Digital television broadcasting means consumers are gaining control in choosing when, what, and how they watch television programmes in this ever-increasing multichannel environment (McDowell & Walter, 2000). According to Sutherland and Sylvester (2000), there are two separate processes at work when a consumer is making a decision on the type of programme to watch: (a) the generation of alternatives and (b) the evaluation of the alternatives. By chance, in an attempt to select a programme among alternative programmes available, a viewer may come across an appealing programme. By choice, a viewer decides which programme to watch. In the current digital age, it is the quality of content that is appropriate to target consumers that counts and not the quantity.

Literature has also identified the adoption of digital television broadcasting as an opportunity for innovation and creativity. On the one hand, the push for attention compels industrial players, particularly content producers and broadcasting companies, to conform to standards (Berman, Battino, Shipnuck, & Neus, 2007; Teixeira, 2014). On the other and, however, this technological innovation is a great threat due to the abundance of choices being provided on media outlets available.
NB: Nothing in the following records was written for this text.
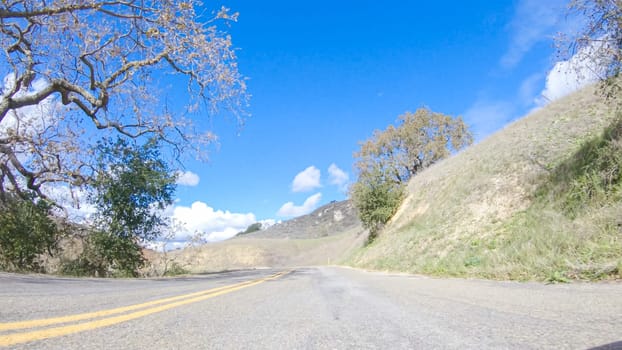 Vehicle is cruising along the Cuyama Highway under the bright sun. The surrounding landscape is illuminated by the radiant sunshine, creating a picturesque and inviting scene as the car travels through this captivating area.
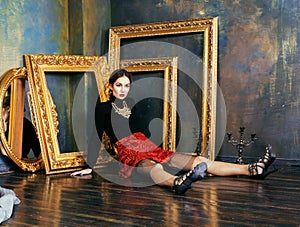 Beauty rich brunette woman in luxury interior near empty frames, vintage elegance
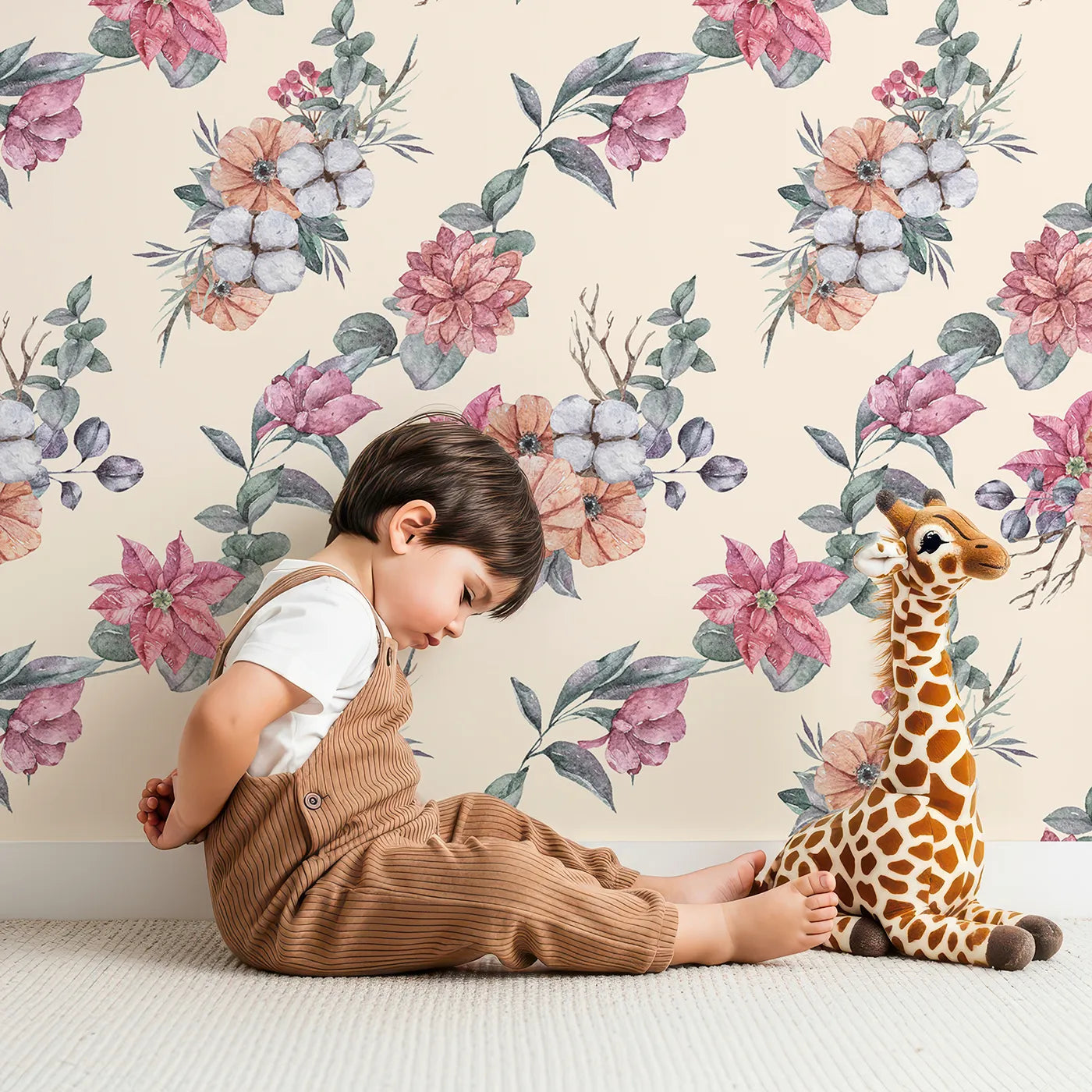 Lovely child standing in front of Whimsy Tots Winter Blooming Garden Wallpaper in Cream with flower, cotton, eucalyptus, poinsettia in design.
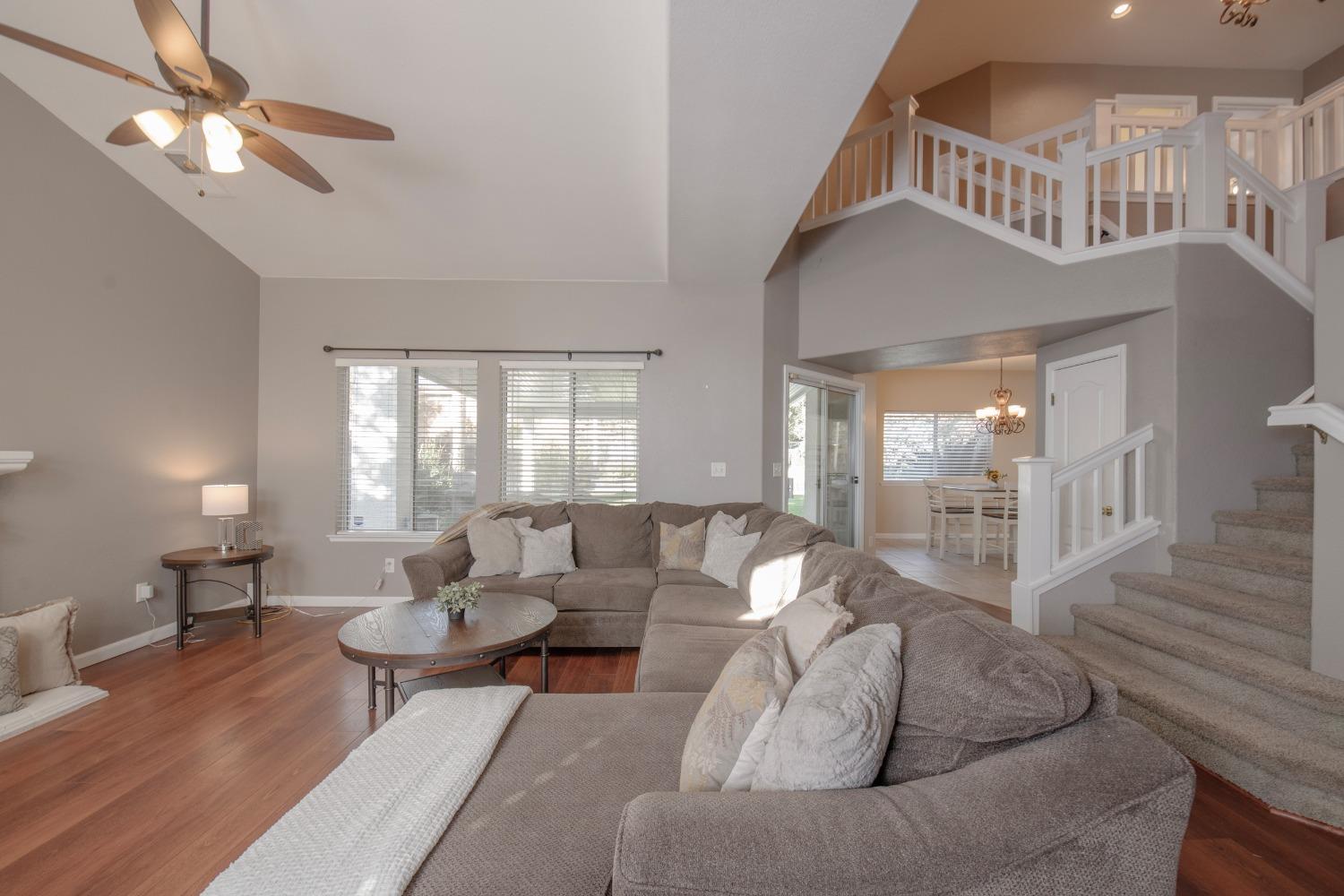 1847 Goshen Avenue Clovis, CA 93611 - Photo 4 of 39 a living room with furniture a chandelier fan and a window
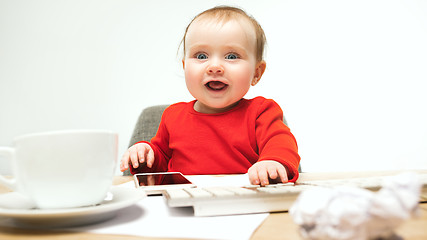 Image showing Happy child baby girl toddler sitting with keyboard of computer isolated on a white background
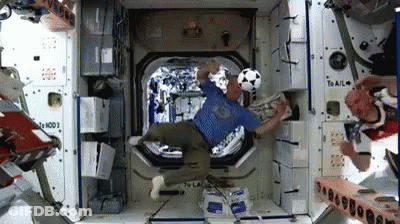 Man In Blue Shirt Kicking Soccer Ball In Space Station GIF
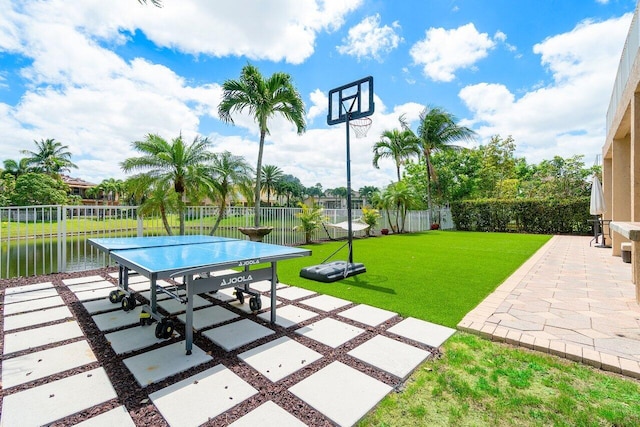 view of patio featuring a water view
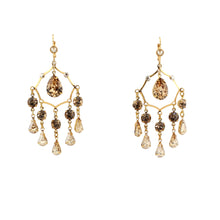 Gold chandelier earrings with brown and clear gemstones on a white background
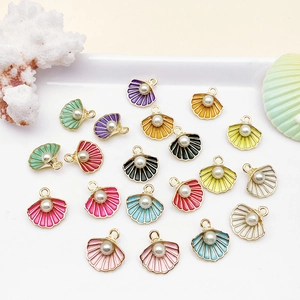 Colorful enamel shell pendants with pearls for DIY jewelry making on white tray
Aside from these numerous choices, content emanating from the West tends to dominate the mediascape, which is “the images of the world created by these media” (Appadurai, 1996, p. 35). The result is that consumers are further fragmented. This causes identity confusion as the influx of foreign content programmes further reduces local content, a thing which is already a problem for stakeholders as the balance between content heavily weighted towards foreign rather than local content on the platform (Ballantyne, 2002; Corwin, 2000; Stern, 1999). The challenge for stakeholders, particularly in Africa, is how to preserve the local cultural values from being adulterated by the influx of foreign programmes, since the adoption of the digital television broadcasting across the world would eventually lead to the proliferation of all television channels on all local peoples. A recent survey on TV viewership puts The Ghana Broadcasting Corporation (GBC), which was established to be an epitome of Ghana’s cultural reflexivity, at the fifth position, with an average daily viewership of 275,000 (Elliot, 2018). It behoves GBC to adopt innovations that will help attract viewers and help in maintaining the ideological and cultural brand values of the Ghanaian. This will mean getting viewers’ attention by creating a brand that aligns with viewers culture and identity.